In a move designed to take the station in a new
direction it will be re-named Free Radio
Birmingham from March, waving goodbye to the
iconic name it has carried since its launch in
1974.
The change was announced to staff today by station
owner Phil Riley who insisted the line-up of shows
and presenters would remain the same and staff
would not be facing job cuts. “It'll be the same
people, the same shows and the same sound,” he
said.
“It took us some time to get our heads around the
enormity of losing that heritage but we’re doing
it for the right reasons. “The reasons are to be a
bigger, better collection of local radio stations.
People are excited about the prospect and what
we’re not doing is axing loads of jobs or closing
something down.
“We’re going to give our stations a common name so
we can promote them effectively.” Sister station
Mercia is also be re-branded to be called Free
Radio Coventry and Warwickshire, while Beacon is
to be renamed Free Radio Shropshire & Black
Country.
Mr Riley said promoting Orion Media's stations
across the region was difficult because they all
carry individual names. He added: “I started at
BRMB on September 1, 1980. I know many people are
fondly attached to the name but none more than I
am. Even I recognise we have to move on.”
Mr Riley also insisted the station would continue
to play its part in Birmingham’s community. He
said: “I can guarantee your readers we will be a
big part of the city going forward.
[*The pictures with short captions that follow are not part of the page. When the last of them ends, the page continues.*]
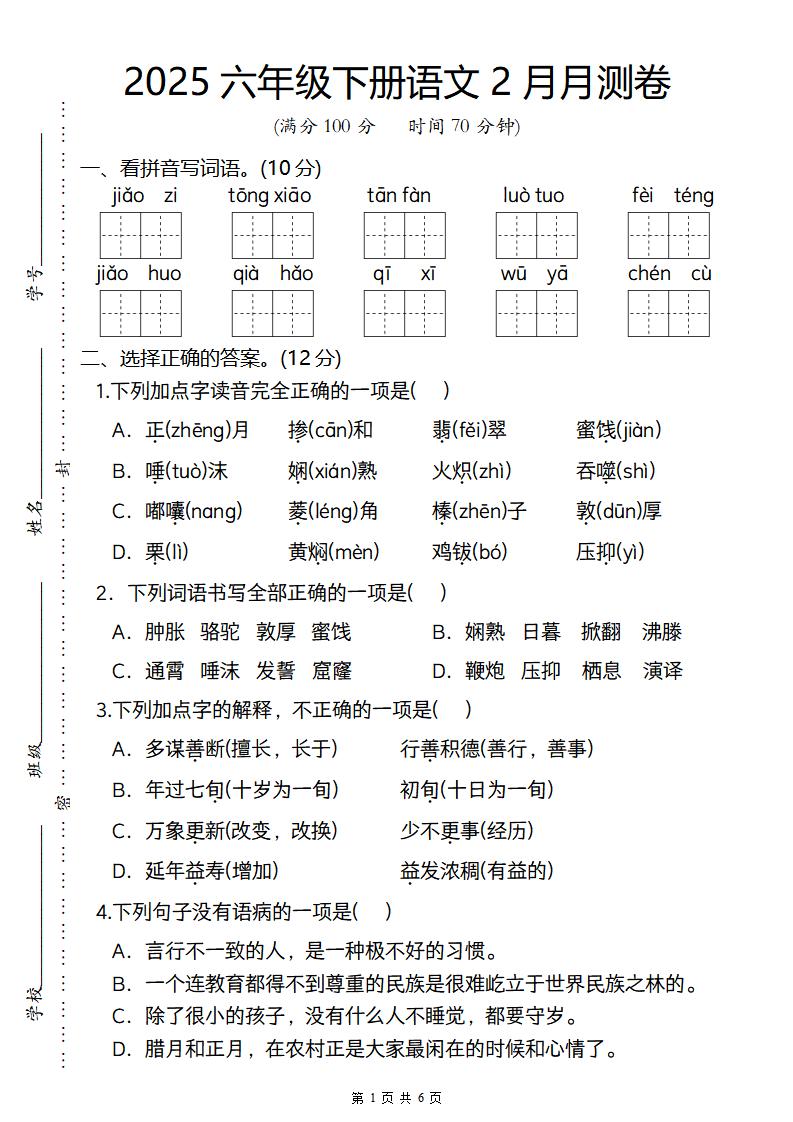 2025六年级下册语文2月月测卷-谷进海小站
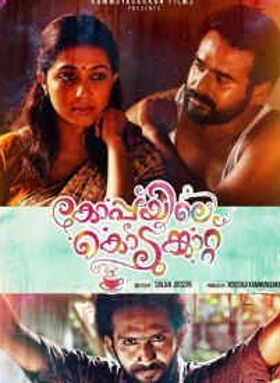 Koppayile Kodumkaattu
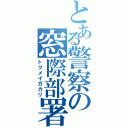 とある警察の窓際部署（トクメイガカリ）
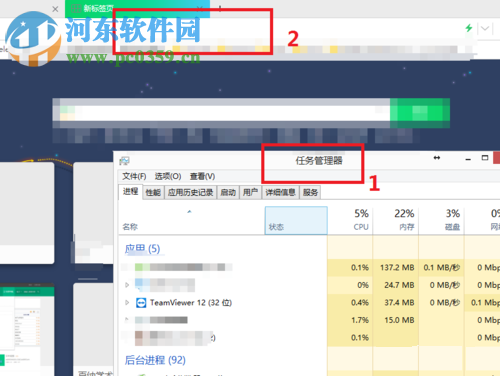 解决teamviewer连接后不能操作的方法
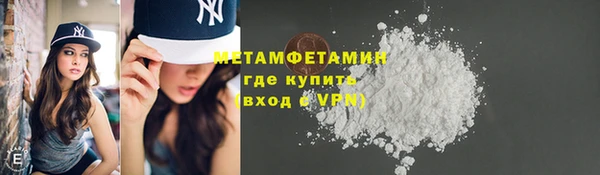 каннабис Нижневартовск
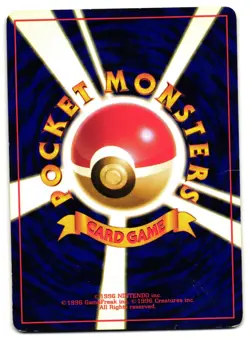 MISTY'S SHELLDER NO. 090 - MP - GYM HEROES JAPANESE 1998 POKEMON CARD - Image 2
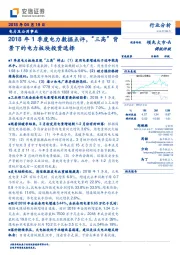 电力及公用事业行业分析：2018年1季度电力数据点评，“三高”背景下的电力板块投资选择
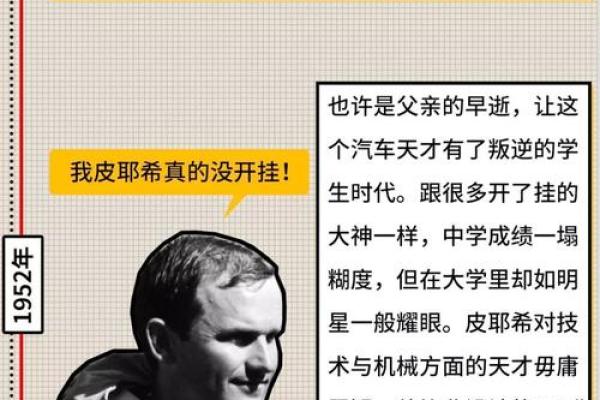82年与94年出生的人命运对比：人生旅途的启示与反思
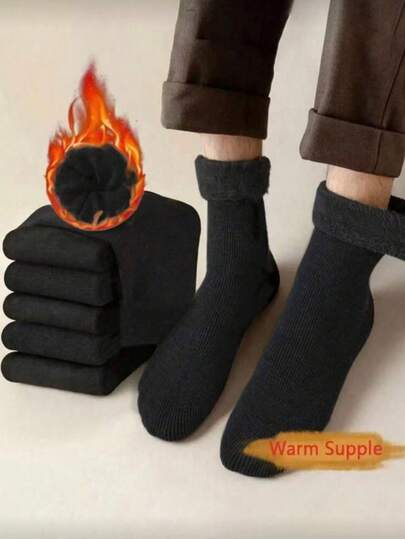 20 Pairs Men's Thick Wool Blend Socks, Winter Socks, Thermal Socks, Suitable For Skiing, Cycling, Outdoor Sports, Christmas/Thanksgiving/New Year Gifts, Cozy Socks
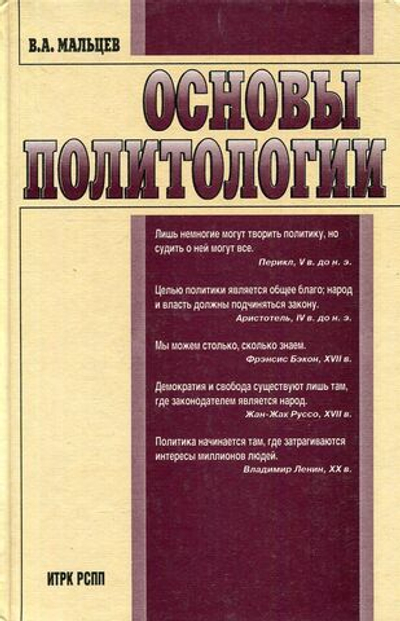 Основы политологии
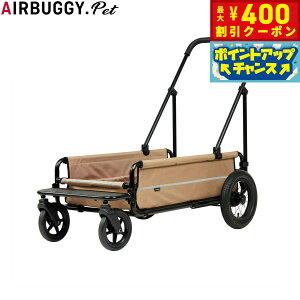 【400円OFFクーポン!&エントリーでポイント+4倍!11月1日!】エアバギー フォー ペット AIRBUGGY FOR PET ペットカート キューブ キャリッジ(CARRIAGE) 台車単品 シードベージュ ペットバギー 犬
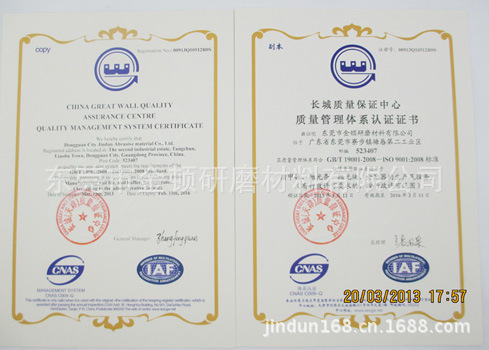 質(zhì)量體系認(rèn)證書 004-改小圖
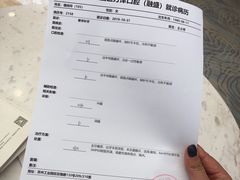 -方津口腔(旺墩路店)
We wouldn’t
want anyone to think we’re abandoning Birmingham.
“The brand is loved and cherished but all things
must pass, the time has come to move on.” Since it
first began broadcasting from Radio House, Aston,
in 1974, BRMB has become a piece of Birmingham’s
fabric hosting the BRMB Walkathon and sponsoring
last year’s Great Birmingham Run, the former half
marathon.
In 1998 it moved to new headquarters in the heart
of the city at Brindleyplace.
Among the first presenters on the station was Ed
Doolan who later went on to host his long running
lunchtime talk show on BBC Radio WM.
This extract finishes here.